--- SUPPLIED RECORDS Enclosed Below ---

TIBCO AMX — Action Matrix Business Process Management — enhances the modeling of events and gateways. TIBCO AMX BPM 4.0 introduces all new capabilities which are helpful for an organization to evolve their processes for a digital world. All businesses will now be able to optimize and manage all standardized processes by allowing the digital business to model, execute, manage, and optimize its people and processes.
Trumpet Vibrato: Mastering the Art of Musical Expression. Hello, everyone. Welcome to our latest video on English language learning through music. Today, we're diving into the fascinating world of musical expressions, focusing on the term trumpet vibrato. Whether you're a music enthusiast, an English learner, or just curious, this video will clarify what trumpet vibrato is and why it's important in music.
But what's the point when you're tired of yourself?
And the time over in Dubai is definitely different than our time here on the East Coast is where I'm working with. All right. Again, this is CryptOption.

--- End of Enclosed SUPPLIED RECORDS ---
--- SUPPLIED RECORDS Enclosed Below ---

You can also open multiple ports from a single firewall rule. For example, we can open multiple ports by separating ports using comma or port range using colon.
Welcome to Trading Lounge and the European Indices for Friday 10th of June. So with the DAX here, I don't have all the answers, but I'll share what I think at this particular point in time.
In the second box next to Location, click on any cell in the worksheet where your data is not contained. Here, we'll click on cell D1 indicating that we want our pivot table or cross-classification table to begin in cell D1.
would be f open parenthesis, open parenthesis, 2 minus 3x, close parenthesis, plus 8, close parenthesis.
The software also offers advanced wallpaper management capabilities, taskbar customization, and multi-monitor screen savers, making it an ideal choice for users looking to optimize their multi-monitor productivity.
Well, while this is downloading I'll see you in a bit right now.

--- End of Enclosed SUPPLIED RECORDS ---
--- SUPPLIED RECORDS Enclosed Below ---

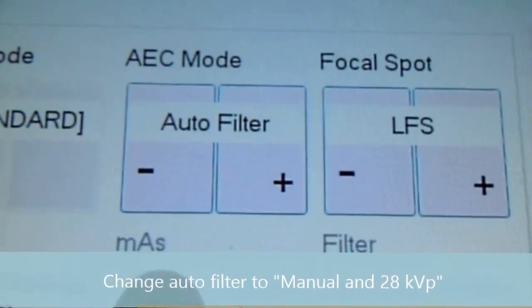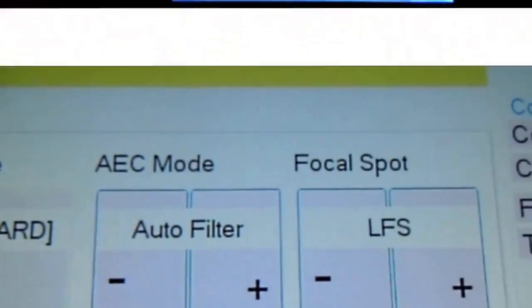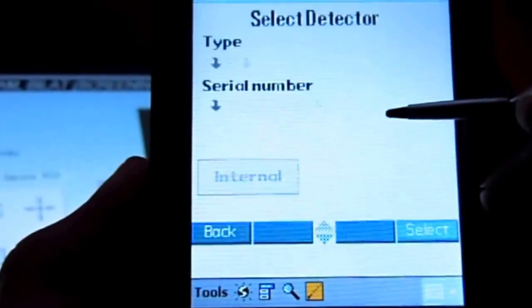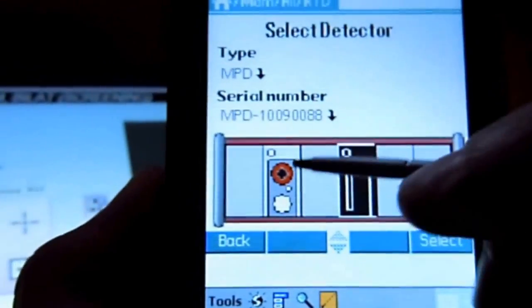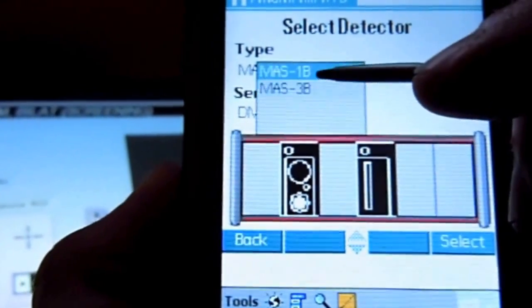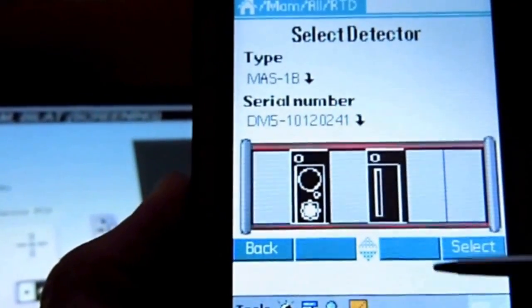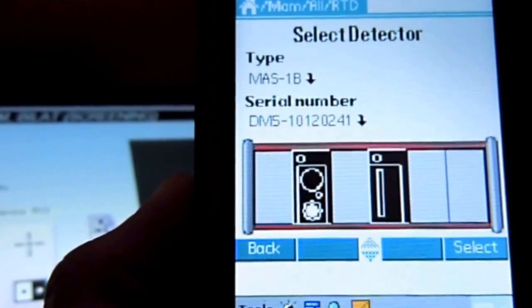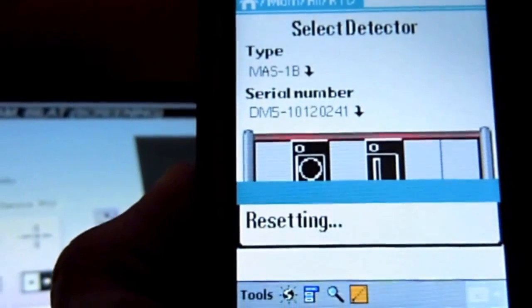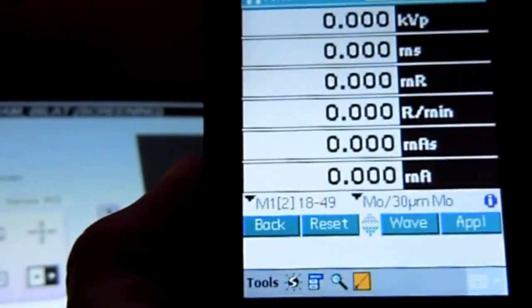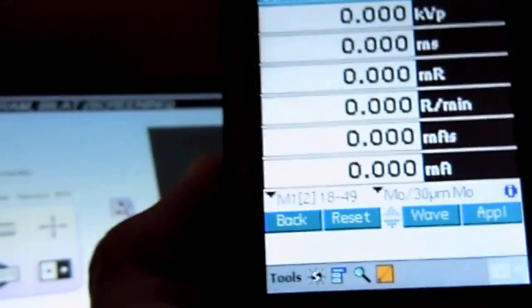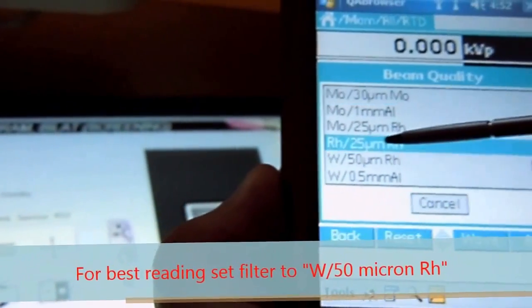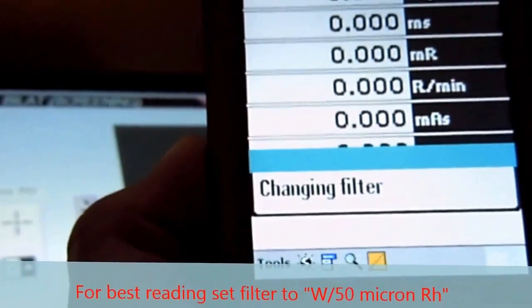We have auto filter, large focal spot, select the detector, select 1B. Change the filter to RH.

--- End of Enclosed SUPPLIED RECORDS ---

ASSIGNMENT
Where the listing above has a line with "But what's the", start there, and output every line exactly through the line with "And the time", which is also included.

SOLUTION TO THIS PROBLEM
But what's the point when you're tired of yourself?
And the time over in Dubai is definitely different than our time here on the East Coast is where I'm working with. All right. Again, this is CryptOption.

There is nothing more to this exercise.